Ich bin der Welt abhanden gekommen. Sur un lieder invitant plutôt à l’introspection et à la contemplation, Béatrice Uria-Monzon fait le choix d’une interprétation en puissance. On apprécie le choix de l’orchestre et en particulier du violon solo de s’adapter à la voix et d’en reprendre le vibrato extrême. Pierre Bleuse étend le dernier accord, faisant ainsi ressortir tous les timbres et couleurs qui s’ajoutent au fur et à mesure avant de féliciter chaleureusement ses musiciens.À mains nues, Pierre Bleuse lance ensuite la création de Vaste champ temporel à vivre joyeusement du compositeur Eric Montalbetti, présent dans la salle. Aux stridents accords préliminaires dévolus aux cordes succède un balancement fixé sur les contrebasses et les vents. L’œuvre atonale est riche d’emprunts à des univers plus ou moins proches : ici un violon plutôt classique, là des traits de clarinette aux accents jazz.

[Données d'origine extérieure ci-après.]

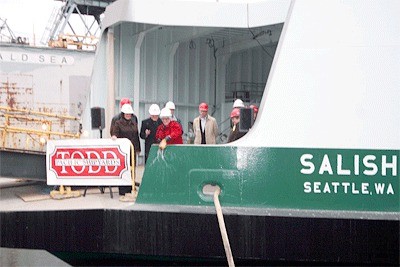 Sen. Mary Margaret Haugen crashes a champagne bottle over the hull of the Salish Wedneday at Todd Pacific Shipyards in Seattle. She promises the boat will serve the Coupevlle to Port Townsend route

Les vents piaillent au-dessus de longues tenues aux cordes et le chef lance les piques qui s’additionnent progressivement jusqu’à former des climax saturés. Dirigeant des vagues sonores allant du frémissement au cluster, Pierre Bleuse soigne également les micro-motifs récurrents comme ces quintes qui passent de pupitre en pupitre. Si des voix supérieures se détachent, on continue de percevoir les mouvements ascendants et descendants au sein de l’orchestre, en termes de hauteurs comme de nuances. Un silenzio subito permet de reconstruire à nouveau une atmosphère figurative. L’œuvre cache une technicité remarquable.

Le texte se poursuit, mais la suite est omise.